- Your objective
Below are records with pictures. Transcribe exactly, and only, the lines from the line with "2026 Ford F-250 Platinum" to the line with "Nova pesquisa indica", both ends included, but not the pictures.

- Source material
________________

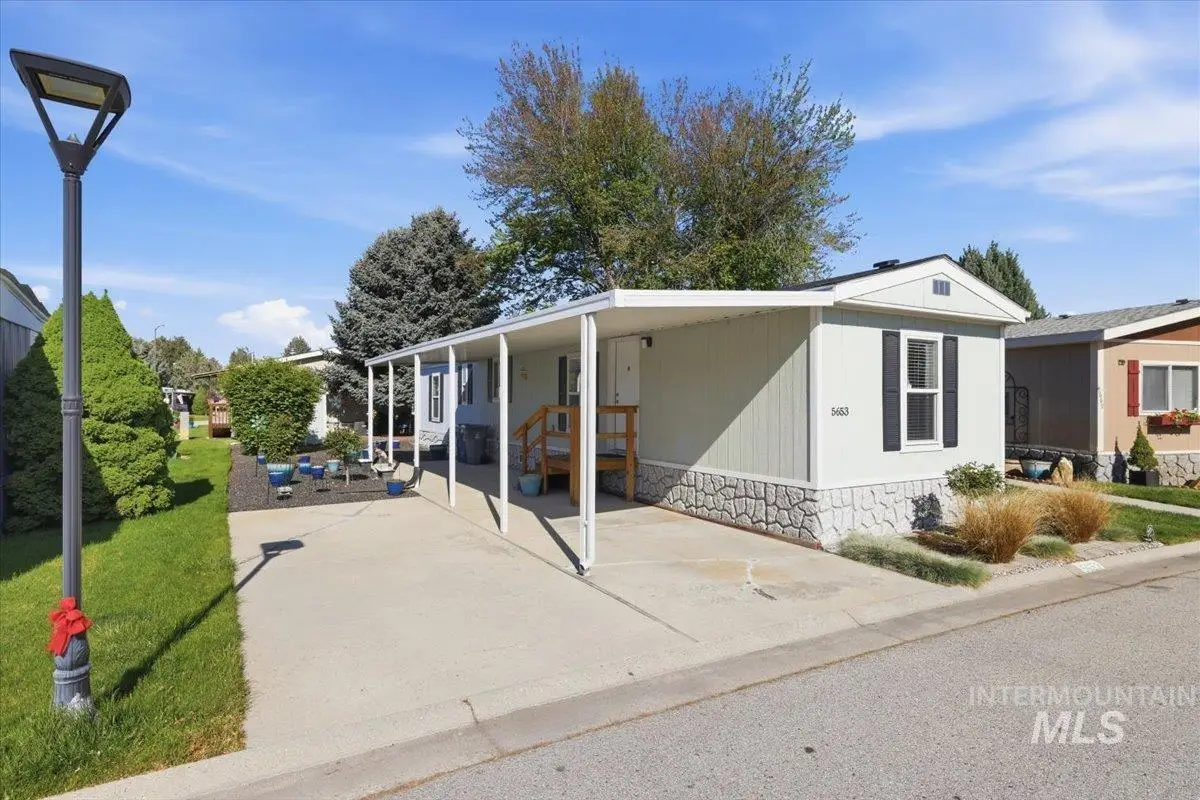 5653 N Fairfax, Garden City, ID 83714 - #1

________________

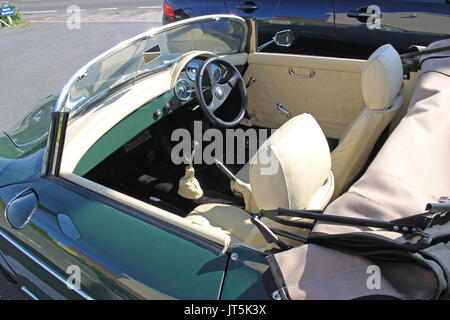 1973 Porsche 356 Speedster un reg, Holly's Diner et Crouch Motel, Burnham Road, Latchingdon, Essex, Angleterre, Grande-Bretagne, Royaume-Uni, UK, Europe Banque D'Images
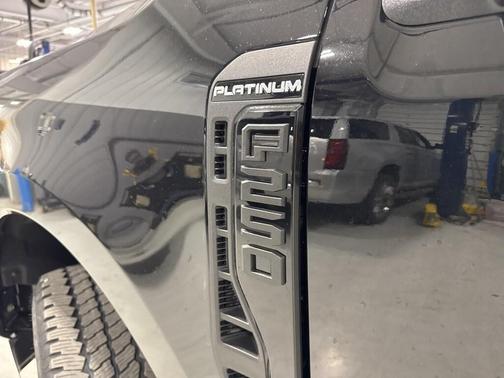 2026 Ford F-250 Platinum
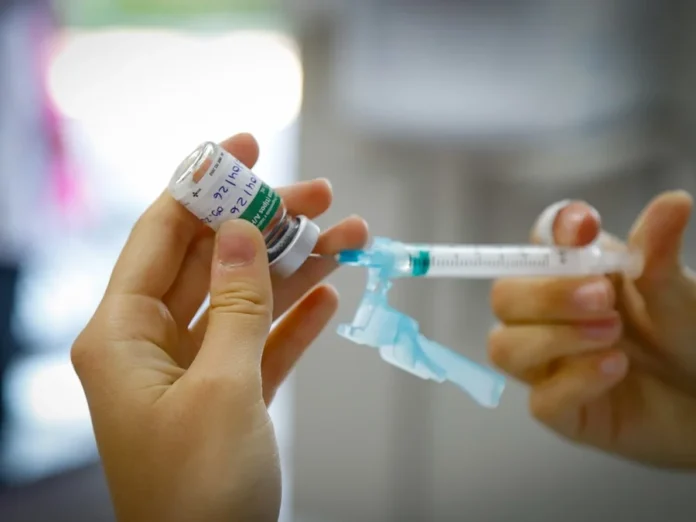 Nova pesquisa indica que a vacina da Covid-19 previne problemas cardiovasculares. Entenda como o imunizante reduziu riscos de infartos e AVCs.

________________

- Written answer
 2026 Ford F-250 Platinum
 Nova pesquisa indica que a vacina da Covid-19 previne problemas cardiovasculares. Entenda como o imunizante reduziu riscos de infartos e AVCs.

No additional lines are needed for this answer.